SAFETY IN ARC WELDING AND CUTTING
2-12. ELECTRIC CIRCUITS
a. A shock hazard is associated with
all electrical equipment, including extension lights, electric hand
tools, and all types of electrically powered machinery. Ordinary household
voltage (115 V) is higher than the output voltage of a conventional
arc welding machine.
b. Although the ac and dc open circuit
voltages are low compared to voltages used for lighting circuits and
motor driven shop tools, these voltages can cause severe shock, particularly
in hot weather when the welder is sweating. Consequently, the precautions
listed below should always be observed.
(1) Check the welding
equipment to make certain that electrode connections and insulation
on holders and cables are in good condition.
(2) Keep hands and body insulated from
both the work and the metal electrode holder. Avoid standing on wet
floors or coming in contact with grounded surfaces.
(3) Perform all welding operations
within the rated capacity of the welding cables. Excessive heating
will impair the insulation and damage the cable leads.
Welding machine, Model 301,
AC/DC, Heliarc with inert gas attachment, NSN 3431-00-235-4728, may
cause electrical shock if not properly grounded.
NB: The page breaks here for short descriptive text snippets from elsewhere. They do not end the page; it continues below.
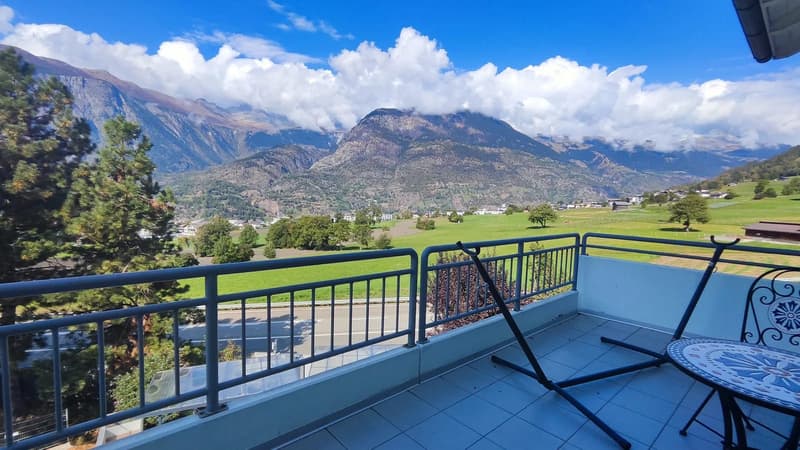 Grosszügige 5.5-Zimmer-Wohnung mit zwei Balkonen und Bergblick in Ried-Brig (1)
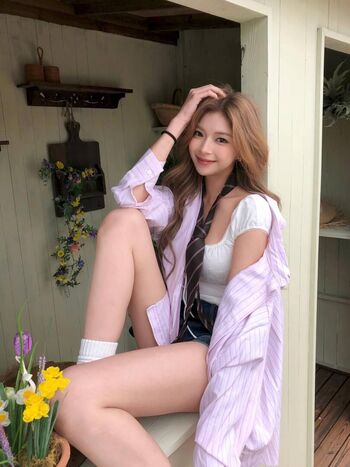 Full leaked Elyn leong page private photo
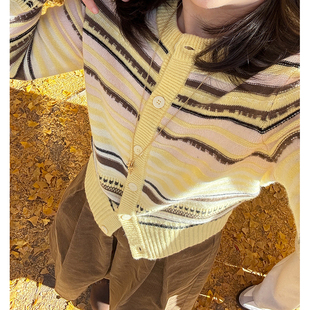 毛衣100绵羊毛撞色针织开衫 韩系撞色夹条圆领开衫 秋冬款 花总吖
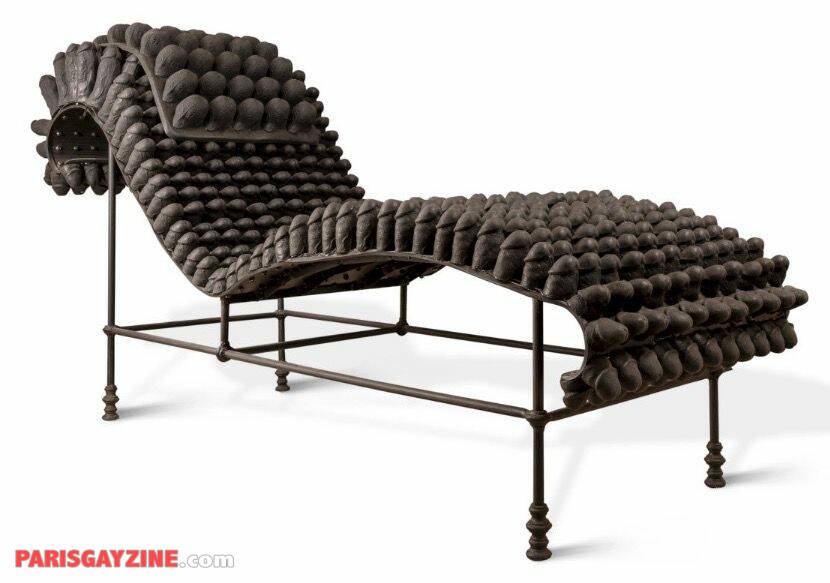 Alvin Booth - The analyst’s couch / Chaise longue en acier patiné garnie de 528 pénis en caoutchouc et silicone
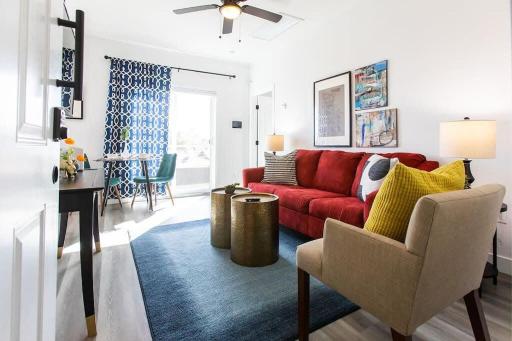 Walk 2 Restaurants & Bars-Relax on Private Patio - Housity
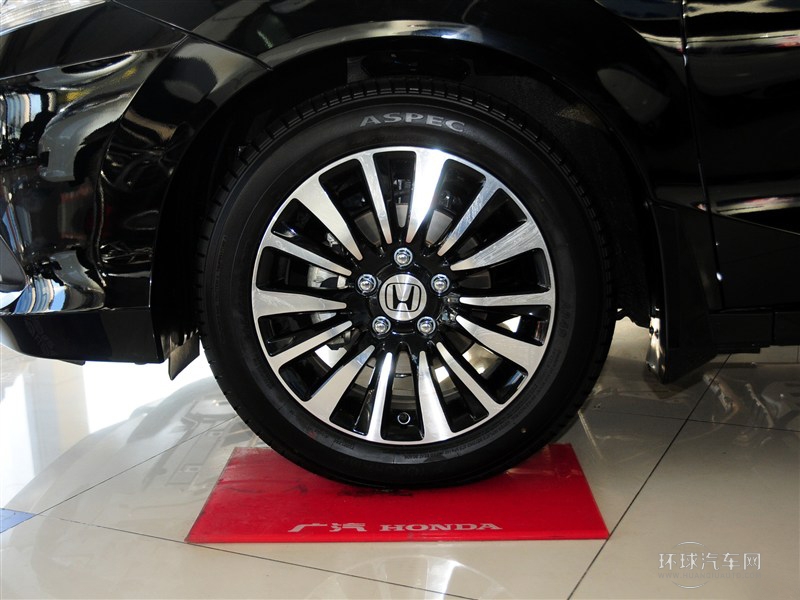 2015款 1.8L 自動豪華版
If one is being used,
contact Castolin Institute, 4462 York St. Denver, Colorado 80216.
c. Inspect the cables periodically for
looseness at the joints, defects due to wear, or other damage. Defective
or loose cables are a fire hazard. Defective electrode holders should
be replaced and connections to the holder should be tightened.
d. Welding generators should be located
or shielded so that dust, water, or other foreign matter will not enter
the electrical windings or the bearings.
e. Disconnect switches should be used
with all power sources so that they can be disconnected from the main
lines for maintenance.
2-13. WELDING MACHINES
a. When electric generators powered by
internal combustion engines are used inside buildings or in confined
areas, the engine exhaust must be conducted to the outside atmosphere.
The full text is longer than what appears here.